On Mon, Jun 3, 2013 at 8:18 AM, Branko Čibej <br...@apache.org> wrote:
> I think it's clear that we have to wait for a Serf bugfix release before
> releasing RC3, and during that time our soak period is simply on hold.
> What happens after Serf 1.2.1 is released depends on the changes there.
> If it's just a trivial bugfix for the digest authn issue, then we can
> simply continue our soak (of which there are, IIRC, another two weeks).
> If not -- then we're faced with a significant change in a non-optional
> dependency and I can't think we can wiggle our way out of restarting the
> soak in that case.
Is there really a reason to pause the soak as opposed to allowing it
to continue and just taking a week on from whenever we produce rc3?
Re: Serf issue #102 and 1.8.0 release timing
Posted by Branko Čibej <br...@apache.org>.
I think it's clear that we have to wait for a Serf bugfix release before
releasing RC3, and during that time our soak period is simply on hold.
What happens after Serf 1.2.1 is released depends on the changes there.
If it's just a trivial bugfix for the digest authn issue, then we can
simply continue our soak (of which there are, IIRC, another two weeks).
If not -- then we're faced with a significant change in a non-optional
dependency and I can't think we can wiggle our way out of restarting the
soak in that case.
-- Brane
Re: [serf-dev] Serf issue #102 and 1.8.0 release timing
Posted by Ben Reser <be...@reser.org>.
On Mon, Jun 3, 2013 at 7:22 AM, C. Michael Pilato <cm...@collab.net> wrote:
> I'll suggest that the answer is found in how we'd track the issue locally.
> "Subversion requires Serf 1.2.1" would be a reasonable issue description.

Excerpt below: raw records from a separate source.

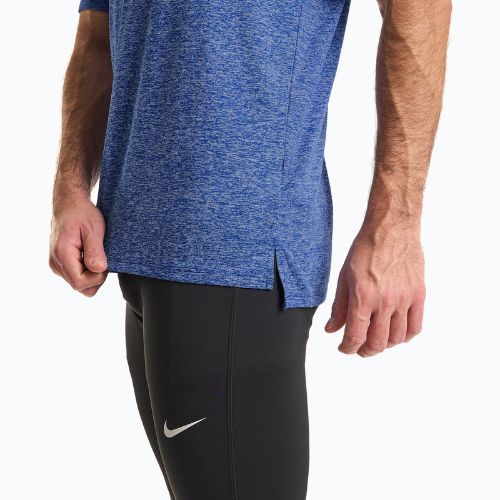 Мъжка тениска за бягане Nike Dri-Fit Rise 365 game royal/black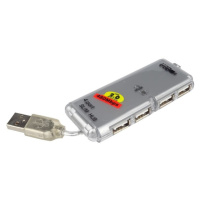 PremiumCord rozbočovač USB 2.0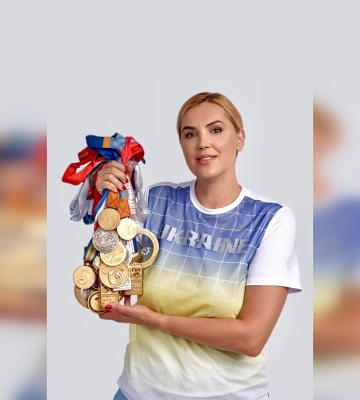 Делает вид, что войны нет: где сейчас самая успешная олимпийская чемпионка Украины Яна Клочкова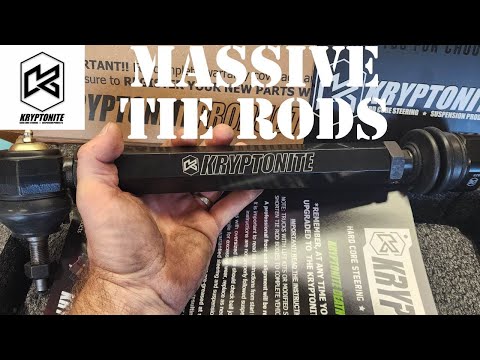 Kryptonite GM Tie Rod replacement 2001 -2010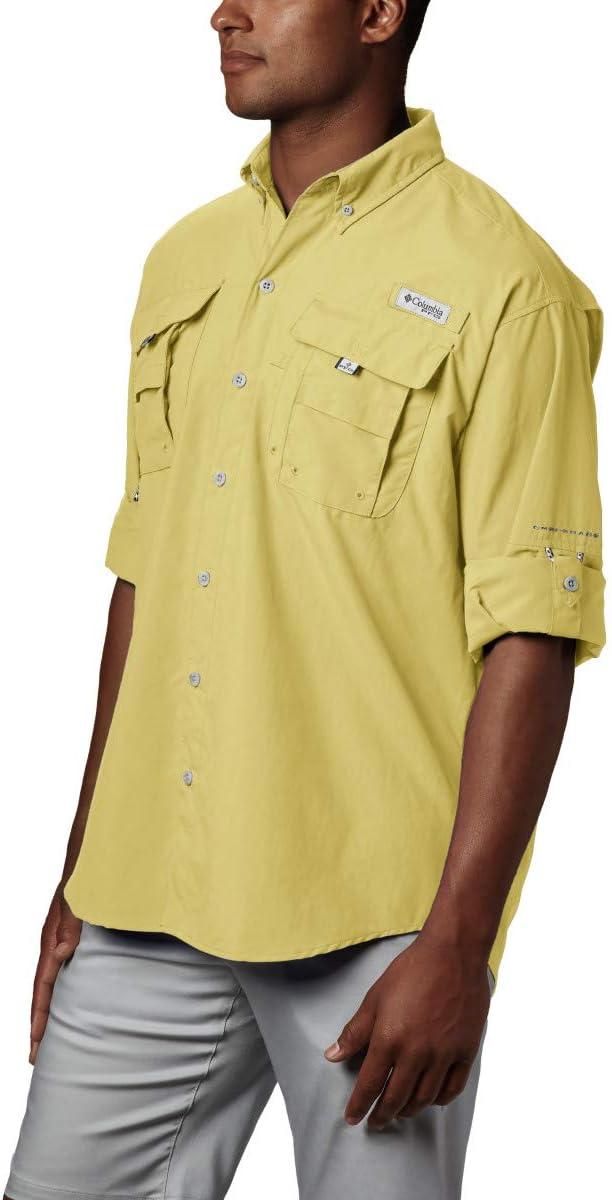 imageColumbia Mens PFG Bahama II Long Sleeve ShirtSunlit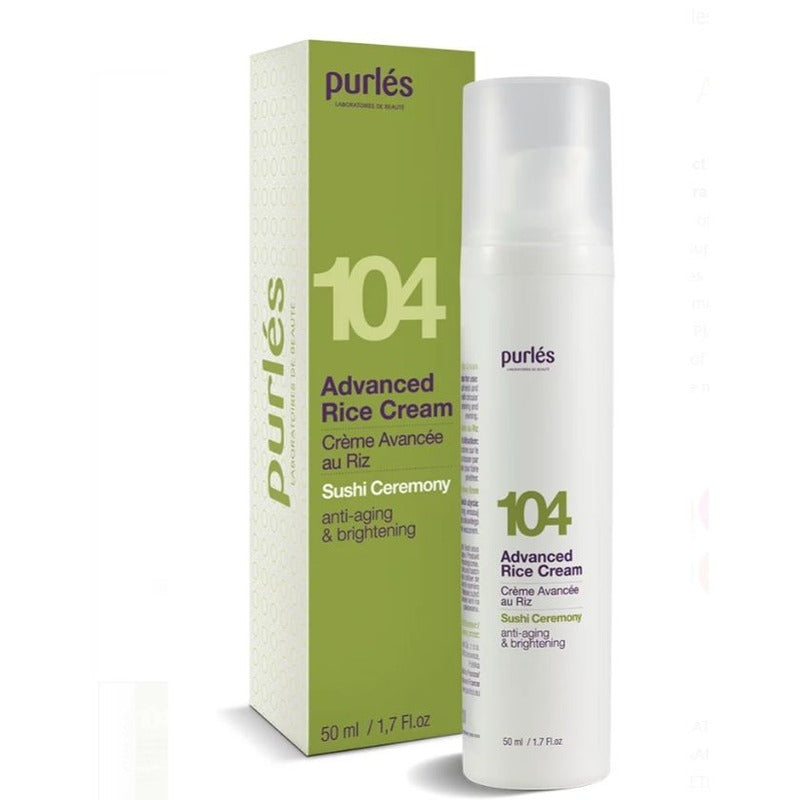 Purles 104 Advanced Rice Cream 50ml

> It would naturally be a 1.8.0 blocking issue. It's resolution (on our end,
> at least) would be simple -- some build system twiddling is all. What
> remains, then, is the determination of whether those changes (and it is
> arguably fair to consider all the changes made between Serf 1.2.0 and 1.2.1,
> here, too) are destabilizing or not. If they are considered destabilizing,
> we're at least release_date(serf_1.2.1) + 28 days away from 1.8.0-final
> again. If they are not, then we should hold off on 1.8.0-rc3 until Serf
> 1.2.1 is produced (hopefully Real Soon Now), and then our final release can
> come a week after that.
My vote is to not restart the soak. The plan to wait to produce
1.8.0-rc3 until serf 1.2.1 is available and adjust the dependency
requirements is exactly what I was planning to do.
Given that there's a great deal of overlap in developers with Serf and
Subversion, I trust that the Serf folks can choose appropriate changes
for 1.2.1 that won't be destabilizing.